Sept ans après son Alcina venue de Zurich presque jour pour jour, voici un autre spectacle de Christof Loy monté ici, importé cette fois de la Scala. On sait, depuis son Guercoeur à l’Opéra du Rhin au printemps dernier, que ce metteur en scène cultive désormais une épure qui fuit tout effet spectaculaire et dont l’ascétisme s’accorde ici au monde protestant du livret dérivé de Goethe. Après une première partie conventionnelle mais riche de détails savoureux et avec un zeste de burlesque, comme le calme avant la tempête, un saut qualitatif se produit avec le retour de Werther, vêtu en smoking comme pour se rendre à une fête en larmes. Là, déployant une violence quasi chéraldienne, Charlotte s’adonne à une vengeance un rien sadique contre son époux choisi par sa mère mourante en l’éclaboussant des lettres intimes que Werther lui écrivait dans son exil.

Image

On pourrait presque parler d’optique sartrienne, époque Huis clos, où l’accent est mis sur le jeu des regards croisés inévitables ce qui est fort pertinent tant le champ lexical de la vision innerve tout le livret, ce regard du groupe auquel on n’échappe presque jamais, où tout le temps quelqu’un jette un œil sur ce qu’il n’aurait pas dû apercevoir. Albert donnant le ton au début de l'opéra en affirmant qu’il voulait revenir sans prévenir pour "surprendre" la famille du Bailli. Il y a aussi le moment où Sophie et Charlotte cachent les yeux de leurs cadets tandis que les amants fanatiques du « divin Klopstock » se couvrent de baisers.
Mais, trop souvent, on sent Loy attaché à surligner son propos avec la robe rouge passion de Charlotte, la fourrure de cette dernière récupérée par sa sœur Sophie, qui s’y love en position fœtale, comme pour redire encore et encore ce qui apparaît ici d’emblée à savoir qu’elle aurait aimé permuter cet amour pour Werther qui l’a séduite au premier abord, tout en libérant à son tour sa coiffure, comme venait de le faire son ainée (être en cheveu à l’époque pour une femme décente équivalait à un petit scandale), comme pour se défaire d’un carcan plus systémique, celui de la bonne bourgeoisie certes, on l’avait bien compris, mais n’est pas Chabrol qui veut…
Je crois qu’il est assez clair que Loy n’aime ni le roman de Goethe ni le personnage de Werther dans cet opéra (qui selon lui devrait s’intituler Charlotte), à cause de son égoïsme et de son immaturité, qu’il ne croit pas vraiment à l’amour de Charlotte pour le jeune poète diplomate mais qu’il a voulu que sa prémonition s’accomplisse puisqu’il avait offert à Benjamin Bernheim dès 2013 un disque d’extraits de cet opéra par Georges Thill…

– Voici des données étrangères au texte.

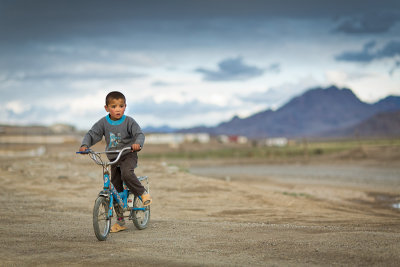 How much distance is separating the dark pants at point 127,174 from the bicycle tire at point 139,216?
1.52 ft

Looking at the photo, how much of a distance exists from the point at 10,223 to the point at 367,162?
39305 millimetres

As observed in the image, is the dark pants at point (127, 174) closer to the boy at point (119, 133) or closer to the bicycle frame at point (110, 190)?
the boy at point (119, 133)

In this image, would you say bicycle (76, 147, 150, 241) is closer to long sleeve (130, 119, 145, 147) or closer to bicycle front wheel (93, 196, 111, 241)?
bicycle front wheel (93, 196, 111, 241)

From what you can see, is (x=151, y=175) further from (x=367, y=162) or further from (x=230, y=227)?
(x=367, y=162)

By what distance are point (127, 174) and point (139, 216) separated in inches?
44.0

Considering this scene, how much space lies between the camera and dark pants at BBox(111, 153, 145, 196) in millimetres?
8500

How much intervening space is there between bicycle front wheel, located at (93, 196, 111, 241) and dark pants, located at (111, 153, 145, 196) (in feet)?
1.50

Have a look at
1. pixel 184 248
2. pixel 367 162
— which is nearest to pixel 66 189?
pixel 184 248

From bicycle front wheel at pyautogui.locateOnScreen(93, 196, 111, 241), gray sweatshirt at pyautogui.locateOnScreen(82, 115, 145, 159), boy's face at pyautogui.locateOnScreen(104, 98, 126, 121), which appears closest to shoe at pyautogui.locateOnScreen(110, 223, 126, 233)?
bicycle front wheel at pyautogui.locateOnScreen(93, 196, 111, 241)

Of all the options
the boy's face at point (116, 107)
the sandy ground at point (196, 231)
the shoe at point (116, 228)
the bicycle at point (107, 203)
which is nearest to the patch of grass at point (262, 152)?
the sandy ground at point (196, 231)

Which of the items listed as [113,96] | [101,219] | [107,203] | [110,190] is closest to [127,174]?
[110,190]

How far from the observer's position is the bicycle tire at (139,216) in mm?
9117

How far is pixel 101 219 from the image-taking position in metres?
8.26

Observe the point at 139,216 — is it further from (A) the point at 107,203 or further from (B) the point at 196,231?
(B) the point at 196,231
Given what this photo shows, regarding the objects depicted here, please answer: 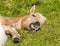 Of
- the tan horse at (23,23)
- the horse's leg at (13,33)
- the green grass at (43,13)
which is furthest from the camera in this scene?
the tan horse at (23,23)

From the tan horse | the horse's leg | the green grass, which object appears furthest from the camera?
the tan horse

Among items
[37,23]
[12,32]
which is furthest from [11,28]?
[37,23]

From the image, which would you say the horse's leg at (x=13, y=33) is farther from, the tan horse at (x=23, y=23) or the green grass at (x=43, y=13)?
the green grass at (x=43, y=13)

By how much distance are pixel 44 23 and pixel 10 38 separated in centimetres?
155

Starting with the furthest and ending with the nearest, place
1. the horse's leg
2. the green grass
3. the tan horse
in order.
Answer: the tan horse, the green grass, the horse's leg

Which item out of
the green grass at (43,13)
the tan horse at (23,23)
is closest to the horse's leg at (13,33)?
the tan horse at (23,23)

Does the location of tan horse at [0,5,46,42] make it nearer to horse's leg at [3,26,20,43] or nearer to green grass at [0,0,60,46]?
horse's leg at [3,26,20,43]

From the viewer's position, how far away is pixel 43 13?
1033cm

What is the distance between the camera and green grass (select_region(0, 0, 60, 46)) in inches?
326

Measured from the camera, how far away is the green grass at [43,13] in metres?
8.29

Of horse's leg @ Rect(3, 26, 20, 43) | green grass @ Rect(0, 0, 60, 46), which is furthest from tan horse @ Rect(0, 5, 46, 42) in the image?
green grass @ Rect(0, 0, 60, 46)

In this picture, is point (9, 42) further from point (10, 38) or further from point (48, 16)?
point (48, 16)

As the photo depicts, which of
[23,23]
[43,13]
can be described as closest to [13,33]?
[23,23]

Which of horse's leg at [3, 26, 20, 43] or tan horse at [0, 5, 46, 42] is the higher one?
tan horse at [0, 5, 46, 42]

Depuis sa prise de rôle à Bordeaux dont j’avais rendu compte ici ce dernier n’a guère approfondi le personnage qu’il n’a finalement que peu chanté dans l’intervalle. Si on admire sans réserve la pureté de son style, sa science suprême de coloriste conférant à chaque affect sa traduction en inflexions infiniment variées comme calquées sur sa respiration propre, la fermeté irradiante de ses aigus dardés, sa diction éblouissante, sa morbidesse de vieil or emmiellé, ses limites en tant qu’acteur et son manque de charisme brident l’émotion que l’on ressent devenant son Werther où les incarnations bouleversantes de Kraus, Kaufmann et de Pati lui font d’autant plus d’ombre.
Pour sa prise de rôle en Charlotte, dont elle ne possède peut-être pas l’exacte vocalité, Marina Viotti évite, avec sa classe coutumière et sa musicalité superlative, le double écueil du grossissement artificiel de la voix et des intentions ainsi que tout histrionisme malgré la violence dont elle fait montre in fine et sait toucher au cœur par éclairs grâce à une ductilité de la ligne que lui permet sa technique belcantiste et à un engagement sans faille.
Sans parvenir à ces cimes, Jean-Sébastien Bou dessine un Albert solide et bien chantant, mélancolique, grisonnant et écorché vif, tandis que la Sophie de Sandra Hamaoui ne manque ni de fraicheur, ni de présence ni de féminité et brille par sa plastique autant que par ses aigus cristallins très bien projetés mais sa diction paraît bien perfectible face aux modèles du genre qui l'entourent ici.

Image

Les seconds rôles sont parfaitement caractérisés et n’appellent que des éloges.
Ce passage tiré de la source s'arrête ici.